1 1 1 The Wolf and the Fox French ATU 1-299 Animal Tales https://archive.org/details/greenfairybook00la...
2 1 1 Fox in Inishkea Irish ATU 1-299 Animal Tales https://archive.org/details/folktalesofegypt00...
3 1 1 Fish Thief Japanesse ATU 1-299 Animal Tales https://archive.org/details/folktalesofmexic00...
4 1 1 Tub of Butter Canadian ATU 1-299 Animal Tales https://archive.org/details/100armeniantales00...
5 1 1 Fox and Lapp Lapp ATU 1-299 Animal Tales https://archive.org/details/irishfolktales00gl...
6 1 1 Reynard and Bruin European ATU 1-299 Animal Tales https://archive.org/details/greenhillsofmagi00...
7 1* 1 Fox and the Hare in Winter German ATU 1-299 Animal Tales https://archive.org/details/irishfolktales00gl...
8 1* 1 Fox and the Magpie British ATU 1-299 Animal Tales https://archive.org/details/moreenglishfairy00...
9 1* 1 Hare, Badger, Monkey, and Otter Japanesse ATU 1-299 Animal Tales https://archive.org/details/greyfairybook00lan...

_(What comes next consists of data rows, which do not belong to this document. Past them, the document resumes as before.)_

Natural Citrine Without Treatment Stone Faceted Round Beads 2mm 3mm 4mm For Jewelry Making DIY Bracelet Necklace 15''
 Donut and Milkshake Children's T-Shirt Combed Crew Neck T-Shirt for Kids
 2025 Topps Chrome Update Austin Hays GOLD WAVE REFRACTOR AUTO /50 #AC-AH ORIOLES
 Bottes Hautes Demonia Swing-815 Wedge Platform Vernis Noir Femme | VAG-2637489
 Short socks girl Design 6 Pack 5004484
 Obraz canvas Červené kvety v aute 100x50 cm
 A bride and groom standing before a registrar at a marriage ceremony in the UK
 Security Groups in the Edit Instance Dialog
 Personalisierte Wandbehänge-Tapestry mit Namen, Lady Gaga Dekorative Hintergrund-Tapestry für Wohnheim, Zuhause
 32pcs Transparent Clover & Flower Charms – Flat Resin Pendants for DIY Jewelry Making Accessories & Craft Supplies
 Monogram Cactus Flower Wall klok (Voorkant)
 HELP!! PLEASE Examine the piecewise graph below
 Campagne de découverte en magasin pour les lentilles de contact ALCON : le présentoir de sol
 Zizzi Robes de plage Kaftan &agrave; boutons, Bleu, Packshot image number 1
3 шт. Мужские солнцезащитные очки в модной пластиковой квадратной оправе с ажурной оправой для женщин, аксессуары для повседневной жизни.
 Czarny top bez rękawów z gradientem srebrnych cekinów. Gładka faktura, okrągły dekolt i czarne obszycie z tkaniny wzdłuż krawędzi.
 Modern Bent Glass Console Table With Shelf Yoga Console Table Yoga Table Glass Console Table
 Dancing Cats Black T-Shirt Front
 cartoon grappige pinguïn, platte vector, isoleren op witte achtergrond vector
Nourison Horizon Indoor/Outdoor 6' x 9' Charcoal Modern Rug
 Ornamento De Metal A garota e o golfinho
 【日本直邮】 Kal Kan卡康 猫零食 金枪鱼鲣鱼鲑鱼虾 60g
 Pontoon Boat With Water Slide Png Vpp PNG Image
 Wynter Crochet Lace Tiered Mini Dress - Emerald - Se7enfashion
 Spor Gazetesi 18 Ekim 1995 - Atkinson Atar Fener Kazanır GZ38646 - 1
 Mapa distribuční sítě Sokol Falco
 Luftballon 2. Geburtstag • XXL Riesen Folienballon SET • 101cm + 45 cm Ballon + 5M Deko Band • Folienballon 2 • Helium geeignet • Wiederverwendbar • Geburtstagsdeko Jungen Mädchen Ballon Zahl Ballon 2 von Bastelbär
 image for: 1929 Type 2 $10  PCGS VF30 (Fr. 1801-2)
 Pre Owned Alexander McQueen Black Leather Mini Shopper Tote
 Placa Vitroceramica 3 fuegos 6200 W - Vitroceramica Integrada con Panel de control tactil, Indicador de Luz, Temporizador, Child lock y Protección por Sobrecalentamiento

Lots of the links are to resources held by archive.org, although many of them are limited preview books.

It might be interesting trying to build something to check whether a resource is openly available there, or limited access, and if it is openly available, perhaps attempt to scrape the story text from the Internet Archive.

Identifying Openly Available archive.org Resources#

Let’s start by just grabbing a list of unique resources on archive.org:

q = 'SELECT * FROM tale_links WHERE link LIKE "https://archive.org/details/%";'

xx = read_sql(q, db.conn)
xx['resource'] = xx['link'].str.replace("https://archive.org/details/", "", regex=False)
xx['resource'] = xx['resource'].apply(lambda x: x.split("/")[0])
xx['resource'].unique()
array(['dictionaryofbrit01brig', 'greenfairybook00lang_0',
       'folktalesofegypt00elsh', 'folktalesofmexic0000pare',
       '100armeniantales0000unse', 'irishfolktales00glas',
       'greenhillsofmagi0000musi', 'moreenglishfairy00jaco',
       'greyfairybook00lang', 'russianfairytale00afan',
       'folktalesofgreec0000mega', 'englishfairytale1902jaco',
       'italianfolktales00calv', 'populartalesfrom00daseiala',
       'yellowfairybook00lang02', 'folktalesofgerma00kurt',
       'bluefairybook00langiala', 'brownfairybook00langrich',
       'folktalesoffranc00mass', 'folktalesofjapan00seki',
       'moregreekfolktal0000dawk', 'violetfairybook00lang'], dtype=object)

I’ve already got a database of the Lang coloured Fairy Books, so it should be possible to join in to that.